The policy continues: "Sheffield Hallam Students' Union resolves not to allow any individual who is known to hold racist or fascist views from entering union premises…[or] to speak at a union event."

Racism and fascism are both defined in line with the Free Dictionary definitions of these concepts, which are as follows:"Racism is the prejudice that members of one race are intrinsically superior to members of other races or discriminatory/abusive behaviour towards members of another race.

"Fascism is a system of government marked by centralization of authority under a dictator, stringent socioeconomic controls, suppression of the opposition through terror and censorship, and typically a policy of belligerent nationalism and racism."

The renewal of no platforming comes shortly after Universities Minister Jo Johnson told unis to clamp down on Students' Unions with "no platform" policies, which he believes are against freedom of speech.

The newly created Office for Students (OfS) may soon be allowed to fine, suspend or register universities "that fail to protect freedom of speech on campus".

Peter Tatchell and Boris Johnson have faced no-platforming in recent years, while Germaine Greer eventually spoke at Cardiff University under tight security after the university's women's officer Rachael Melhuish, called for her to be no-platformed over transphobia.

It is likely that the no-platforming policy will once again pass, although opinion among Hallam students is mixed.

Final year history student Layne Robinson said: "I think it's a really really good thing!
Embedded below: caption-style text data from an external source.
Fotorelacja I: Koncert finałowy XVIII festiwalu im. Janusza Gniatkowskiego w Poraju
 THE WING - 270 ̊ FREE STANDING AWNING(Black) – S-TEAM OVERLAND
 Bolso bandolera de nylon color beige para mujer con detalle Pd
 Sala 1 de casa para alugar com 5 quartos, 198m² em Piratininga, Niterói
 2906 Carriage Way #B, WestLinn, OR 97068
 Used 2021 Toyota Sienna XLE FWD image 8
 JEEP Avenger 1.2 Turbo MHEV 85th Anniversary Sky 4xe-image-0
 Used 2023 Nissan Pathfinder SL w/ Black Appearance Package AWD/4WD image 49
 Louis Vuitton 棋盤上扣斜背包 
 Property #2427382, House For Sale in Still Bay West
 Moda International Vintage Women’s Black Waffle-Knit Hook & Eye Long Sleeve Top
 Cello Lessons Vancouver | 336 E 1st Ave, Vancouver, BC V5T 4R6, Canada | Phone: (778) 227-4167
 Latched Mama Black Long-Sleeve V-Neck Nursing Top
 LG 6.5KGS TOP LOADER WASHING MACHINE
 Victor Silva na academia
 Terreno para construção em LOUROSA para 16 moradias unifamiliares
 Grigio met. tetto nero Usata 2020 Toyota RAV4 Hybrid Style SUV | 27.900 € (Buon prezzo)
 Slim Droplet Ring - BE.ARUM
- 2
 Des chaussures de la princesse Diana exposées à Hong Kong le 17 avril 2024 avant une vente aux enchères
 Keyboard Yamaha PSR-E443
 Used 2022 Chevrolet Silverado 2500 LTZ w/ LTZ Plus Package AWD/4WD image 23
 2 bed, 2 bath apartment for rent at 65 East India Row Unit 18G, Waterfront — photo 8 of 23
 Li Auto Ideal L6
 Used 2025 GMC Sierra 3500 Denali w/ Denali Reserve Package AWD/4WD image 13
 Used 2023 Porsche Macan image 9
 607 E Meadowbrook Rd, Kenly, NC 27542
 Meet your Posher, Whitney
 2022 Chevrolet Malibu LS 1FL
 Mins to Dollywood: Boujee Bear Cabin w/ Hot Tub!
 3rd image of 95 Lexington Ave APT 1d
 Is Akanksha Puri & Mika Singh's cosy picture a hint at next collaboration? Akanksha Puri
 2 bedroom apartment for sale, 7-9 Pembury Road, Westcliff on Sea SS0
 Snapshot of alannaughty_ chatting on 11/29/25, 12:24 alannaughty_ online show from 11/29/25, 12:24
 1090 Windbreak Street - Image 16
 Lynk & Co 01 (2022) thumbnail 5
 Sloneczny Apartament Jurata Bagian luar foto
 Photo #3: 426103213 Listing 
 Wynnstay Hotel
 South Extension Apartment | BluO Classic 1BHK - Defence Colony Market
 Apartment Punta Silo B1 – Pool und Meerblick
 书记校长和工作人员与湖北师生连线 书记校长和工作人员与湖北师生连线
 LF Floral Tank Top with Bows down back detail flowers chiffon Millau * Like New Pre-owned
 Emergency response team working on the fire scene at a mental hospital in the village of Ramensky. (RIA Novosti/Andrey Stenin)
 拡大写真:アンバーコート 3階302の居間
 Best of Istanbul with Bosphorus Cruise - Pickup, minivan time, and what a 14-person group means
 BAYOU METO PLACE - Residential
Stopping people with racist & fascist views from being able to disseminate those bigoted views is imperative in making society kinder, and I bet some people will think it's an infringement on "free speech" but I think there should absolutely never be the opportunity for more hate to be spread."

Second year historian, Dan McGrath, told us: "I think that initially it seems like it's a good idea, but by blocking these thoughts and not allowing for these issues to be discussed, it means people are denied a voice, only adding to the problem."

Final year Sheffield Hallam student, Lawrence Penn, added: "Freedom of speech has been the single most important method by which all the progressions such as equality of the sexes and gay marriage have come to exist today.

"So to curtail it, in a liberation focused Students’ Union of all places, just seems beyond ridiculous."

We have reached out to SHSU President Luke Renwick for comment on the policy, but have not received a reply.